*** Opening ENTRIES SHOWN ***

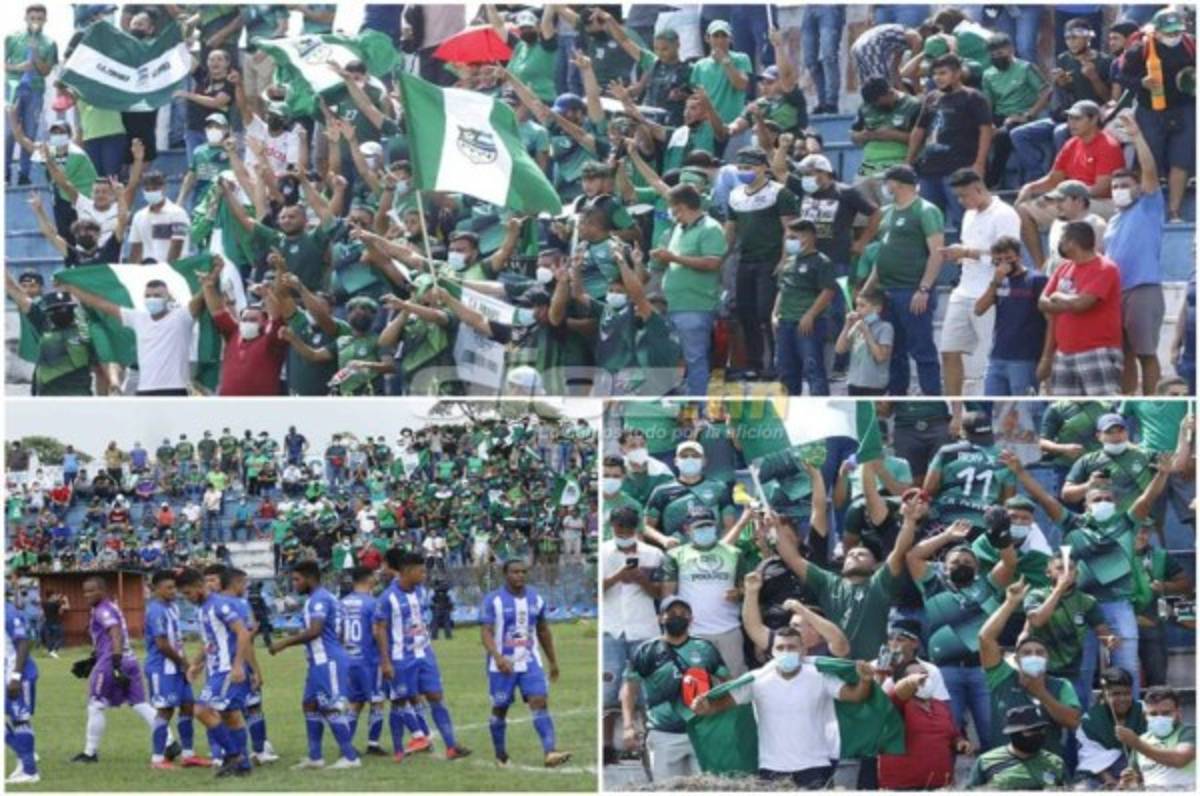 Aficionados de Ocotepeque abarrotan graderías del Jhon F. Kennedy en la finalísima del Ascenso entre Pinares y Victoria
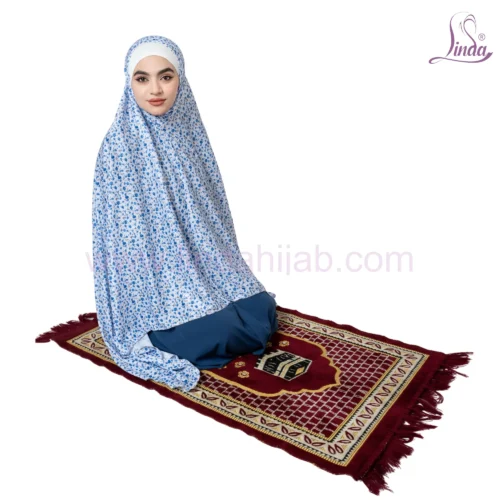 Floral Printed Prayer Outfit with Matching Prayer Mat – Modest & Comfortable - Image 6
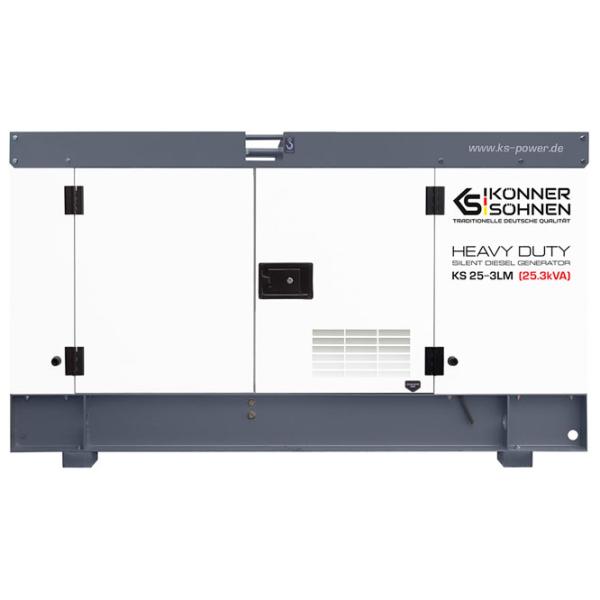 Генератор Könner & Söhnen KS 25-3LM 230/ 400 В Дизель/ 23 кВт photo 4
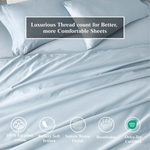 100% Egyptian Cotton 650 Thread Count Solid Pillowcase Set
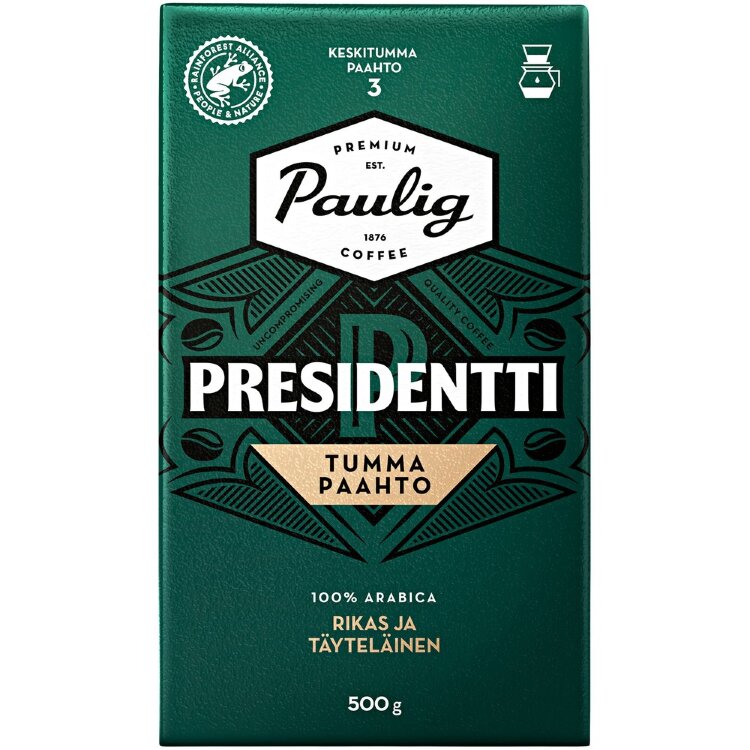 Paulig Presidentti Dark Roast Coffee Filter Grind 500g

*** Closing ENTRIES SHOWN ***
*** Opening ENTRIES SHOWN ***

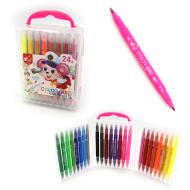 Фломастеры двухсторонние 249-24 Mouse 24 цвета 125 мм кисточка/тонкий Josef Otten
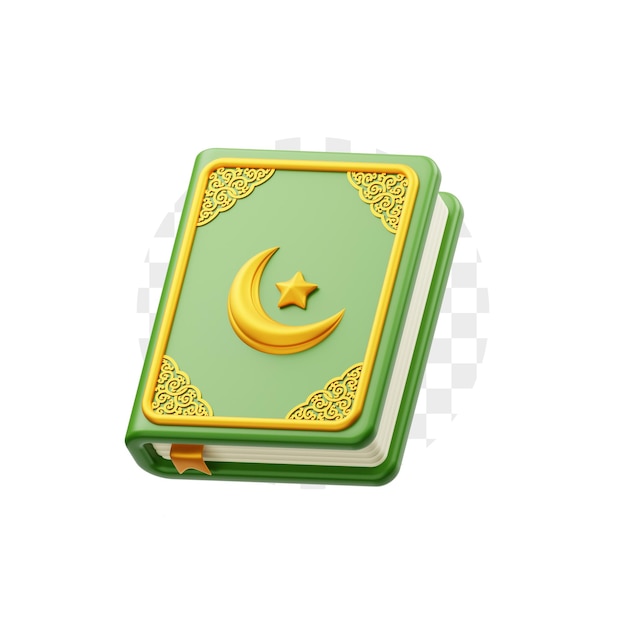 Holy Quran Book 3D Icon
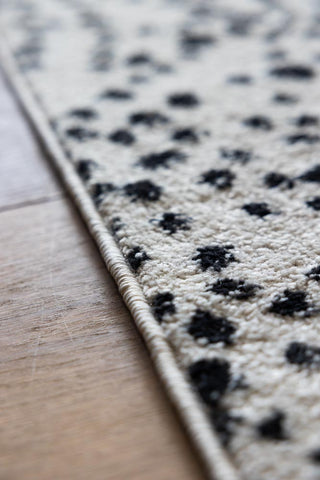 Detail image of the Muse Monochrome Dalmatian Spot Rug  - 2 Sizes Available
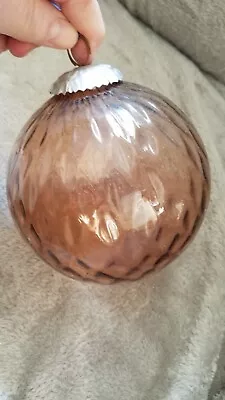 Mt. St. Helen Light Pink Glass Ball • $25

*** Closing ENTRIES SHOWN ***

* REQUIRED ACTION *
"Aficionados de Ocotepeque" marks the first line to copy, and "Paulig Presidentti Dark" marks the last. Repeat that stretch above exactly, with no pictures.

* ANSWER BOX *
 Aficionados de Ocotepeque abarrotan graderías del Jhon F. Kennedy en la finalísima del Ascenso entre Pinares y Victoria
 Floral Printed Prayer Outfit with Matching Prayer Mat – Modest & Comfortable - Image 6
 Генератор Könner & Söhnen KS 25-3LM 230/ 400 В Дизель/ 23 кВт photo 4
 100% Egyptian Cotton 650 Thread Count Solid Pillowcase Set
 Paulig Presidentti Dark Roast Coffee Filter Grind 500g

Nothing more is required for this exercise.